Data engineering toolset (that I use) glossary
1 min read

Data engineering toolset (that I use) glossary

Big data

  • Spark: Map-reduce framework for dealing with big data, especially for data that doesn't fit into memory. Utilizes parallelization.

Cloud

  • AWS: Cloud platform for many tools used in software engineering.
  • AWS Fargate: A task launch mode for ECS task, where it automatically shuts down once a container exits. With EC2 launch mode, you'll have to turn off the machine yourself.
  • AWS Lambda: Serverless function, can be used with docker image too. Can also hook this with API gateway to make it act as API endpoint.
  • AWS RDS: Managed databases from AWS.
  • ECS Task: Cron-like schedule for a task. Essentially at specified time, it runs a predefined docker image (you should configure your entrypoint.sh accordingly).

Data

  • Parquet: Columnar data blob format, very efficient due to column-based compression with schema definition baked in.

Data engineering

  • Dagster: Task orchestration framework with built-in pipelines validatioin.
  • ETL: Stands for extract-transform-load.
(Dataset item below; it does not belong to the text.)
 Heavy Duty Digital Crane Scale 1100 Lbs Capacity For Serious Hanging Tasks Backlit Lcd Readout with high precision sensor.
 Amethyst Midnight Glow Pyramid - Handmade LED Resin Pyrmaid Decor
Essentially it means "moving data from A to B, with optional data wrangling in the middle."

Data science

  • NLP: Using machine (computer) to work on human languages. For instance, analyze whether a message is positive or negative.

Data wrangling

  • Pandas: Dataframe wrangler, think of programmable Excel.

Database

  • Postgres: RMDBS with good performance.

DataOps

  • Great expectations: A framework for data validation.

DevOps

  • Docker: Virtualization via containers.
  • Git: Version control.
  • Kubernetes: Container orchestration system.
  • Terraform: Infrastructure as code tool, essentially you use it to store a blueprint for your infra setup. If you were to move to another account, you can re-conjure existing infra with one command. This makes editing infra config easier too, since it automatically cleans up / update config automatically.

GIS

  • PostGIS: GIS extension for Postgres.

MLOps

  • MLflow: A framework to track model parameters and output. Can also store model artifact as well.

Notebook

  • Jupyter: Python notebook, used for exploring solutions before converting it to .py.